Macroscopically, the surgical specimen tissue was whitish‐yellow, lobulated, elastic, and measured 2.5 cm in diameter. Intraoperative pathology examination revealed monomorphic cells distributed in sheets or clusters interspersed with eosinophils, lymphocytes and occasional neutrophils, with cells that had histiocytic characteristics imparted by clear cytoplasm and prominent nuclei and nucleoli. Based on the lesion histology, an intraoperative diagnosis of “histiocytic lesion, not otherwise specified” was reached. Permanent sections showed xanthomatous histiocytes with large nuclei displaying prominent nucleoli distributed in small lobules or sheets. Occasional xanthomatous cells displayed multinucleation; however, typical Touton giant cells were not visible. The inflammatory component was composed of lymphocytes, plasmocytes, neutrophils and eosinophils (Figure 2). Tumor cells were immunoreactive for CD68 (Figure 3, occasionally for S100 (Figure 4), but not for CD1a (not shown).

Figure 2.

Figure 2

Figure 3.

Figure 3

Figure 4.

Figure 4

DIAGNOSIS

Non‐Langerhans cell histiocytosis corresponding to Erdheim‐Chester Disease (ECD). Follow‐up MRI displayed no evidence of tumor recurrence.

DISCUSSION

Erdheim‐Chester Disease (ECD) is a member of the group of diseases known as Histiocytosis, encompassing a broad spectrum of mainly systemic diseases (bone and visceral) whose features depend mainly on the presence or absence of dendritic Langerhans cells. ECD lacks systemic symptoms (as does Rosai‐Dorfman disease [RDD]) and can present as a tumor‐like mass in the central nervous system (CNS). (7) Systemic 11,1), skeletal 4, 6, 10 or extraskeletal involvement,5, 9 may be present.
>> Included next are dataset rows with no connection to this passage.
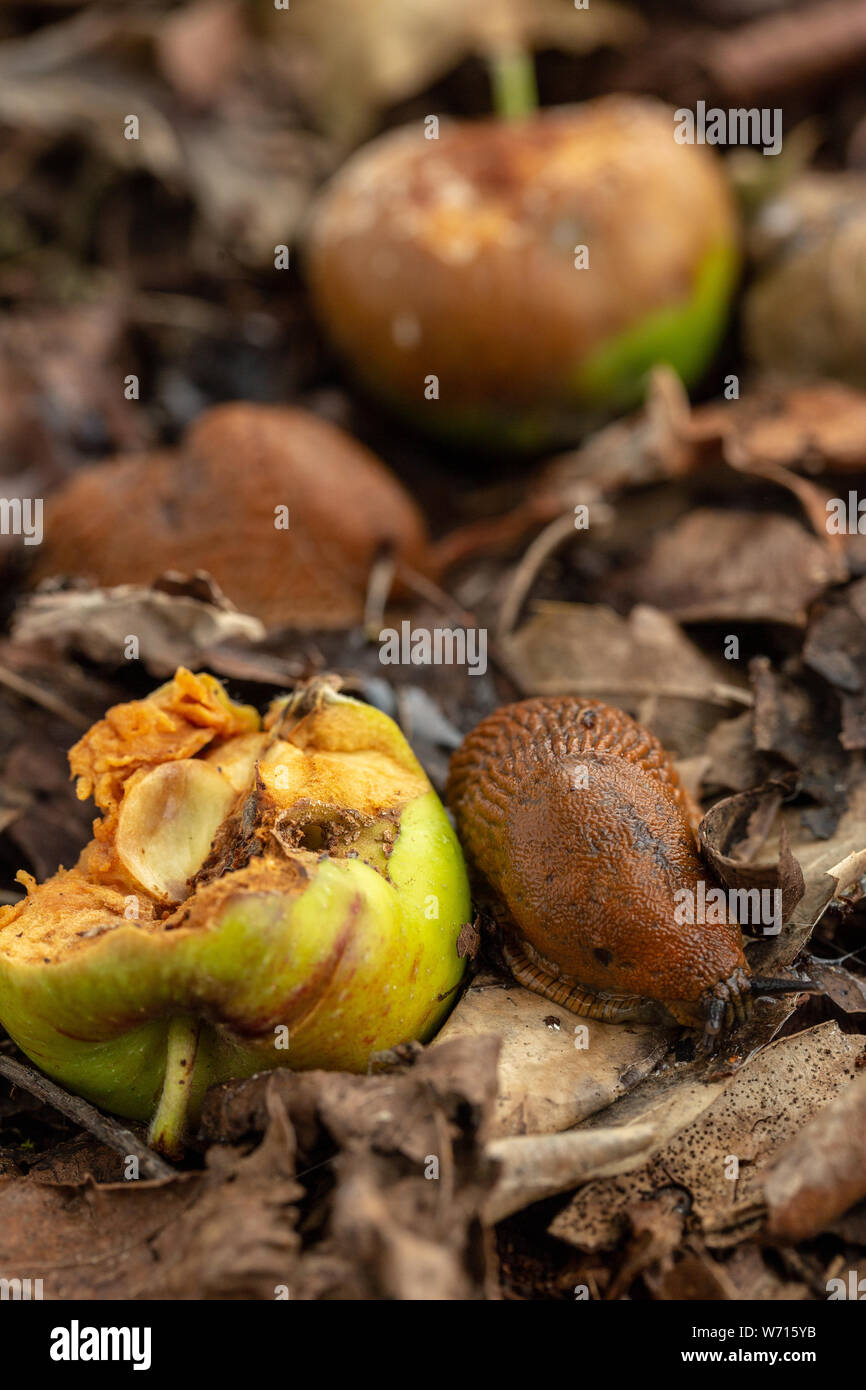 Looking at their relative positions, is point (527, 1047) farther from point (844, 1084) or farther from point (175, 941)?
point (175, 941)

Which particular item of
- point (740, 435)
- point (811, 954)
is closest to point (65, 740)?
point (811, 954)

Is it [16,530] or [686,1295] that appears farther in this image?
[16,530]

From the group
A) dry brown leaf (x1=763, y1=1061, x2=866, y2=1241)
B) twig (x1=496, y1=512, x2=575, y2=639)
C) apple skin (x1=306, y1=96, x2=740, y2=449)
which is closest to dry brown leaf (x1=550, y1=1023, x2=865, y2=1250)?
dry brown leaf (x1=763, y1=1061, x2=866, y2=1241)

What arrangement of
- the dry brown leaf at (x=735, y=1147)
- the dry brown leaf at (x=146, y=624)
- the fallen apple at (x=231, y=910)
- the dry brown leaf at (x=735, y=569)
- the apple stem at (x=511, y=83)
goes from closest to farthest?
the fallen apple at (x=231, y=910), the dry brown leaf at (x=735, y=1147), the dry brown leaf at (x=146, y=624), the dry brown leaf at (x=735, y=569), the apple stem at (x=511, y=83)

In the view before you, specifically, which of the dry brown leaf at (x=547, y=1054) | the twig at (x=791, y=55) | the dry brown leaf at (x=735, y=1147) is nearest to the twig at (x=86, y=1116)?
the dry brown leaf at (x=547, y=1054)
More rarely the disease is initially diagnosed as a solitary mass in the CNS (12). In terms of the histological assessment, this case showed typical features as described in other reports. 12, 10) However, two issues merit further discussion: first, although occasional multinucleated cells were observed, no typical Touton giant cells were detected as previously reported by other authors.12, 11, 2) This is in agreement with other series describing complete absence of Touton giant cells (8), or the presence in some cases of only a single cell (6). Second, although the lesion was CD68 positive and CD1a negative, i.e. presented the expected immunophenotype 8, 2, 12, 1); occasional cells were S100 positive, demonstrating once again the controversy surrounding use of this immunostain for histiocytosis characterization.(6) In most reports S100 was negative,2, 11, 12 however, a few articles have been published in which it was weakly or occasionally positive.1, 10, 13. With reference to differential diagnoses, two important neoplastic proliferations must be considered: Langerhans Cell Histiocytosis (LCH) and Rosai‐Dorfman Disease (RDD); even though the former can also present as a solitary CNS mass (3), it usually shows different immunophenotype from ECD (namely CD1a+, S100‐ and CD68‐); the latter shows strong CD68 and S100 positivity, can clinically affect the CNS but usually presents with lymphadenopathy, fever and hypergammaglobulinemia,(12) and although isolated intracranial cases without systemic involvement have been also reported, the lack of emperipolesis in our case, as well as the absence of common clinical features such as lymphadenopathy or fever, and the presence of only isolated positive S100 cells allowed us to rule out RDD.

ABSTRACT

We describe a 60 year‐old woman presenting with visual loss of her left eye. No lymphadenopathies, fever, or weight loss were detected. Neuroimaging studies revealed an extra‐axial mass along the posterior aspect of the left optic nerve. The mass was resected and showed xanthomatous histiocytes that were positive for CD‐68, occasionally positive for S‐100, and negative for CD‐1. The lesion was diagnosed as Erdheim‐Chester disease (ECD) affecting the CNS. The patient is under systemic evaluation in order to discover other ECD lesions. Microscopic findings and differential diagnoses are discussed.